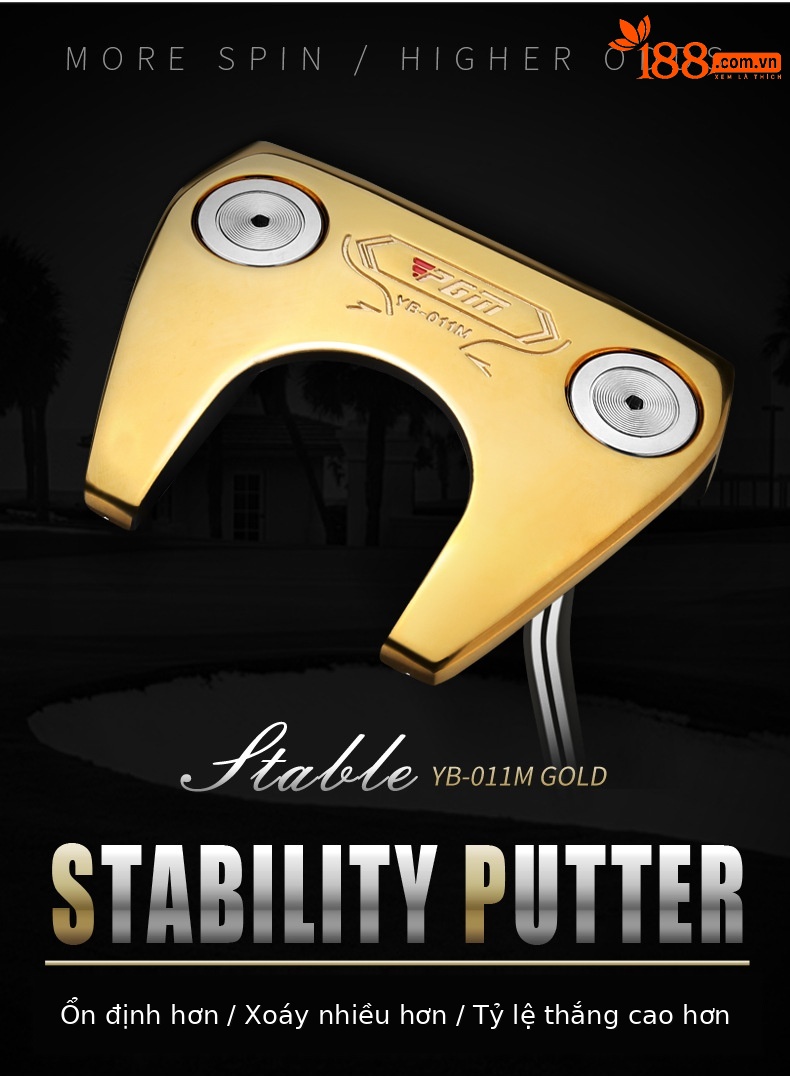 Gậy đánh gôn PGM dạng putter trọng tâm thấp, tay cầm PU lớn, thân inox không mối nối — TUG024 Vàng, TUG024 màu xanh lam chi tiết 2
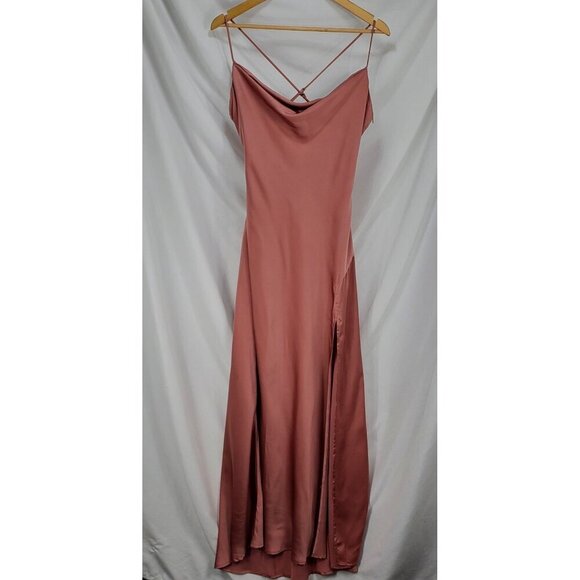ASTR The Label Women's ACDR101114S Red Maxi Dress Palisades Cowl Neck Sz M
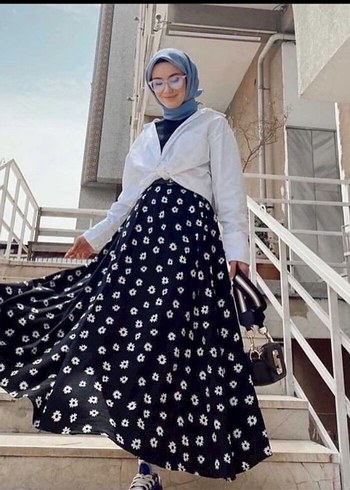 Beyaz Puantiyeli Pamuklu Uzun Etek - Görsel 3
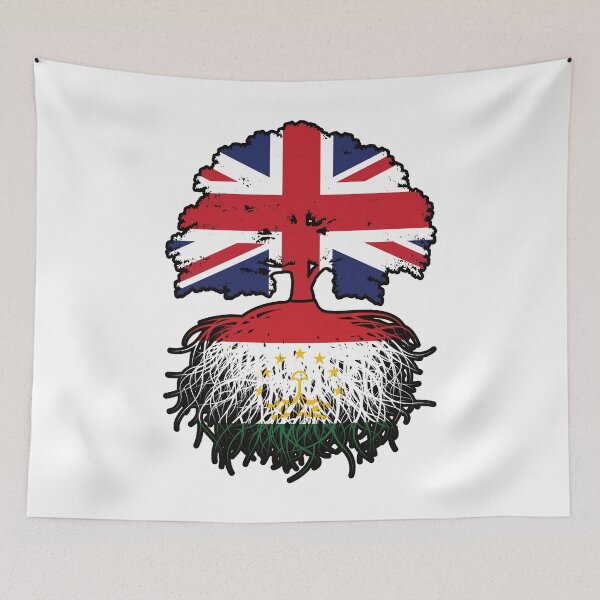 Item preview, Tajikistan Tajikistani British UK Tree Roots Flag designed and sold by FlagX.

★ ★ ★

▶ _What this task involves_:
Write out the data exactly, and exclude every picture it holds.

▶ _Solution for this task_:
 Gậy đánh gôn PGM dạng putter trọng tâm thấp, tay cầm PU lớn, thân inox không mối nối — TUG024 Vàng, TUG024 màu xanh lam chi tiết 2
ASTR The Label Women's ACDR101114S Red Maxi Dress Palisades Cowl Neck Sz M
 Beyaz Puantiyeli Pamuklu Uzun Etek - Görsel 3
 Item preview, Tajikistan Tajikistani British UK Tree Roots Flag designed and sold by FlagX.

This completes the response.